Pero eso no quiere decir que las universidades mengüen. Todo lo contrario. Williams señala que el precio de la matrícula ha crecido en las últimas cinco décadas un 567 por ciento en términos reales. Es decir, que se ha multiplicado por 6,67 en este tiempo. En términos reales.
¿A qué recursos se ha destinado toda esa renta? A contratar empleados administrativos. “El personal administrativo y profesional adscrito a la universidad, que no enseña ni investiga, ha aumentado al doble del ritmo de crecimiento de los estudiantes, y 10 veces más que el del profesorado titular. Los administradores superan ahora al personal docente en una proporción de 2 a 1 en las universidades de todo el país”, dice Williams.

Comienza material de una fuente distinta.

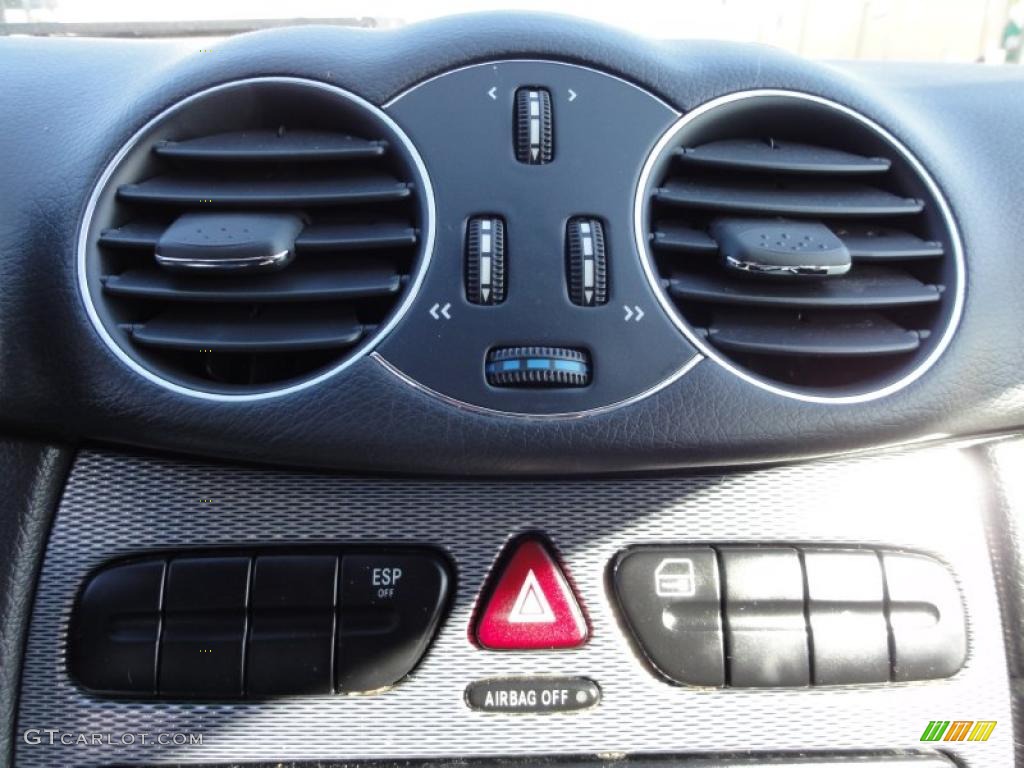 2003 Mercedes-Benz CLK 320 Coupe Controls Photo #48073484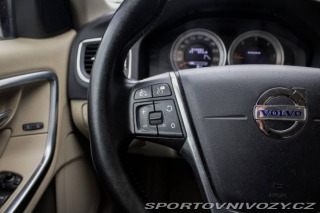 Volvo S60 Momentum, 158kW (2012) / 2012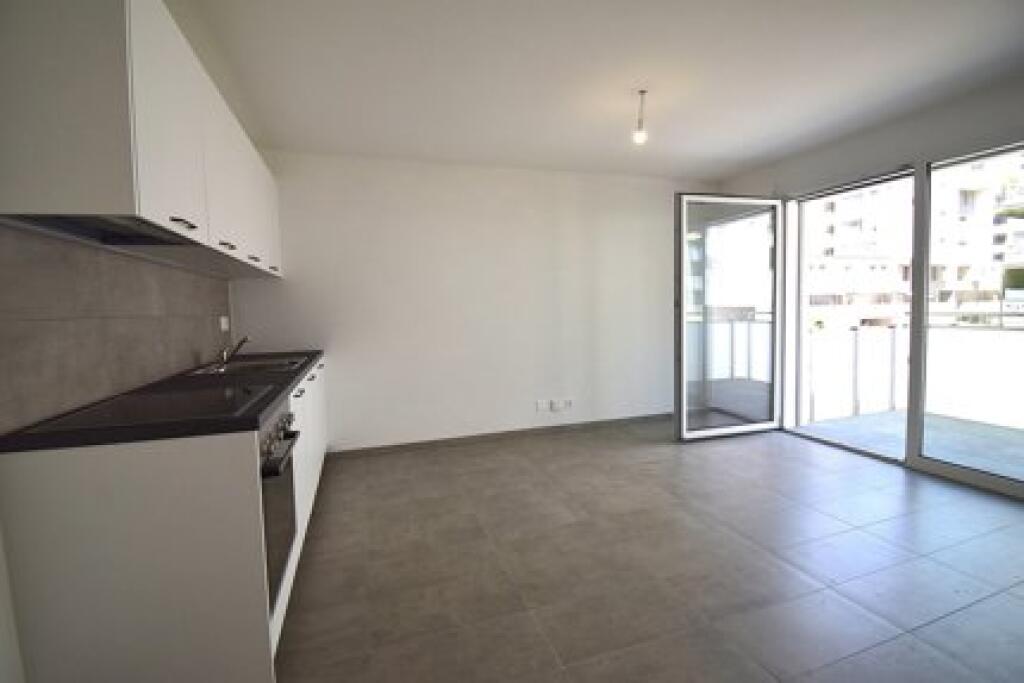 Apartment/Papafingo For Rent 4+1+3 At Dry Lake (ID B230148) Tirana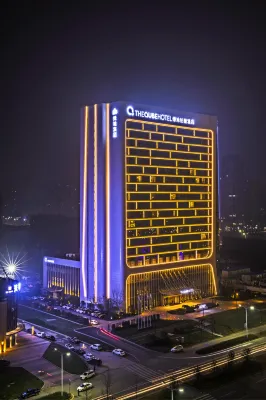 The Qube Hotel - 5-Star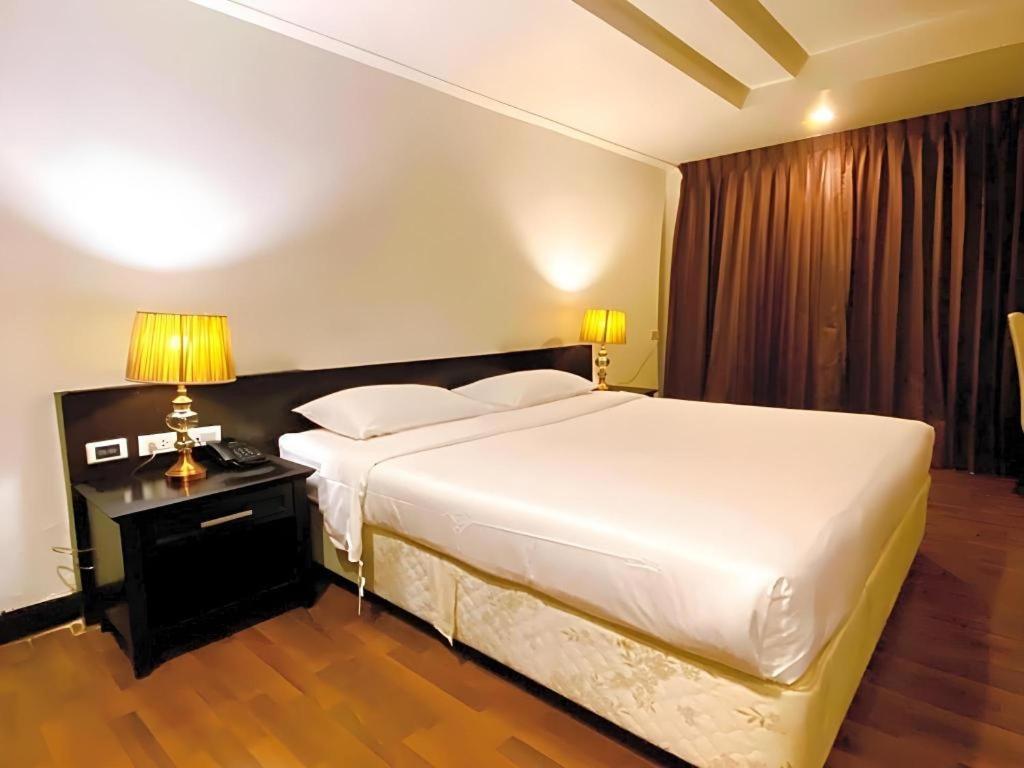 The Heritage Sathorn Suite Hotel Bangkok Exterior foto
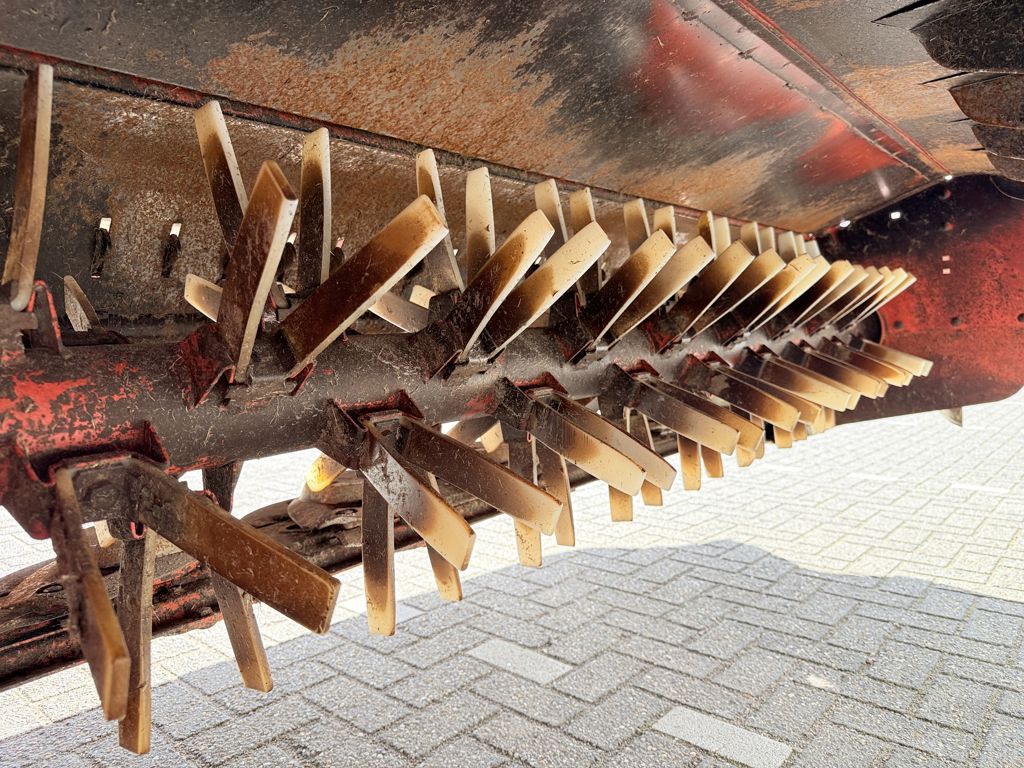 Kuhn FC283 Schijvenmaaier met kneuzer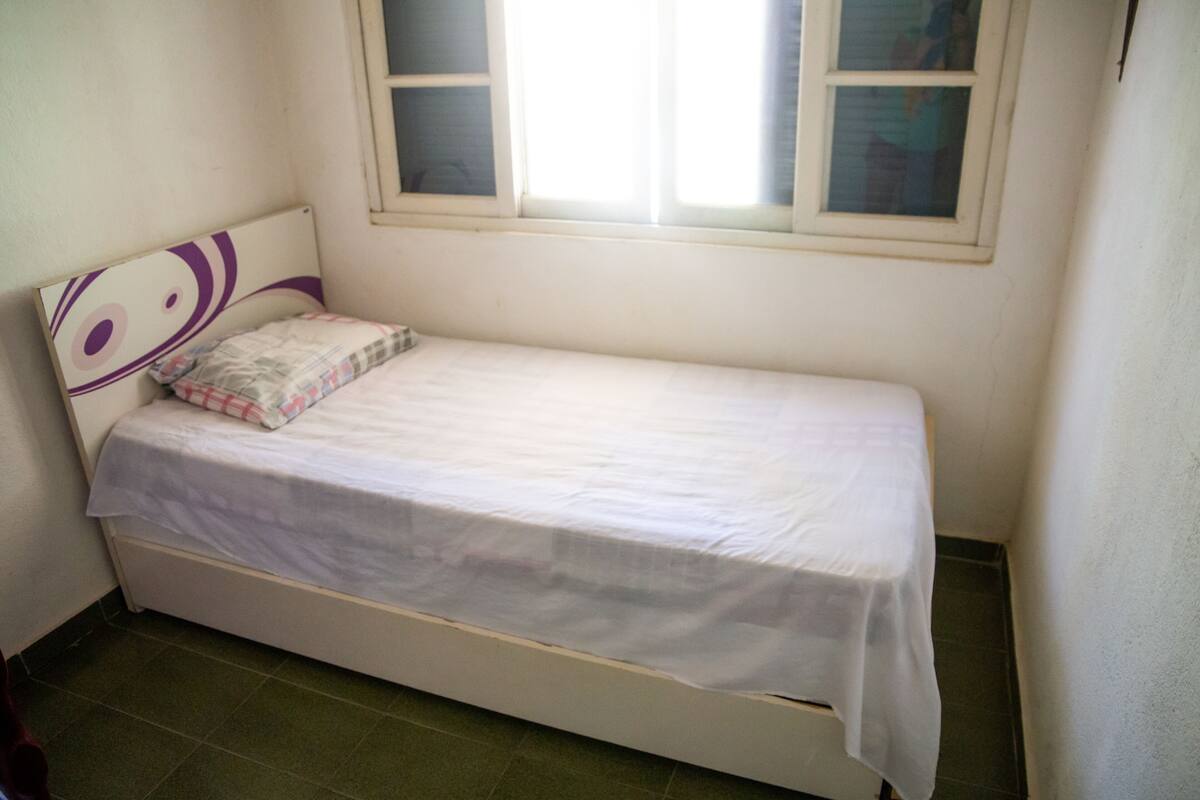 Free WiFi, bed sheets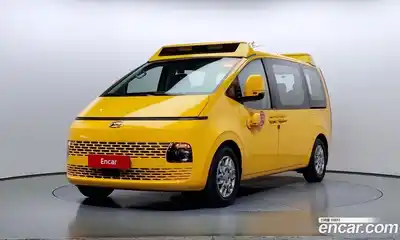 Hyundai Staria, 2023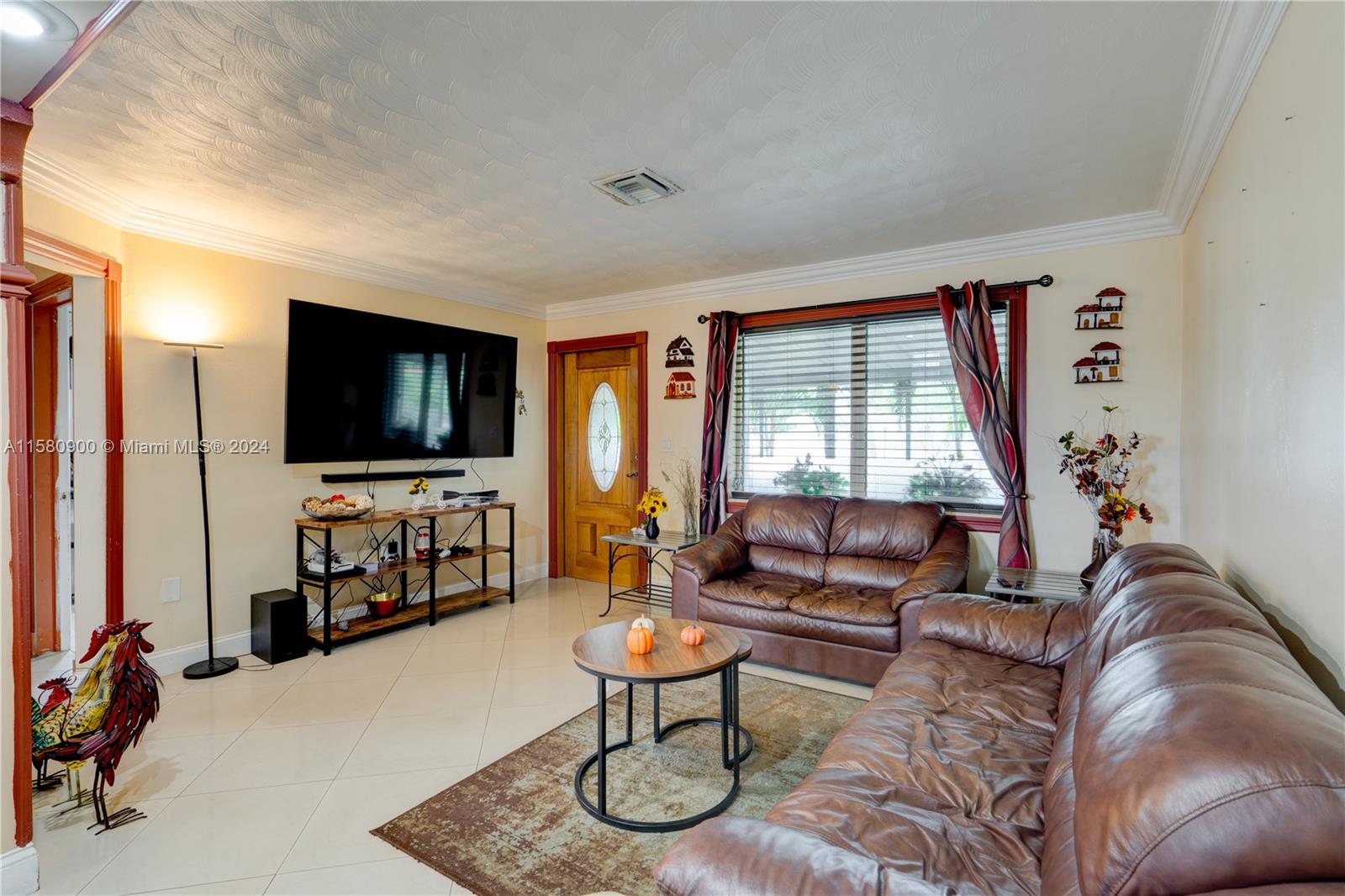 BREEZE HAVEN - Residential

Y sigue: “Una parte importante de estos puestos administrativos existe para garantizar el cumplimiento de los mandatos estatales y federales. Las grandes universidades estatales emplean un departamento entero para el cumplimiento del Título IX, docenas de profesionales para garantizar el cumplimiento de las densas directrices del Departamento de Educación. El cumplimiento de la normativa puede suponer entre el 3 y el 11% de los costes totales de funcionamiento”.
Es decir, que las Universidades han sido parasitadas por el Estado por una doble vía: la financiación del coste, un coste que sube a ritmos difíciles de creer, y que financia la otra vía: la imposición de un control administrativo e ideológico por parte del Gobierno Federal.
Afortunadamente, aún hay instituciones privadas que, en la medida de sus fuerzas, se dedican a ampliar el conocimiento desde cierta independencia.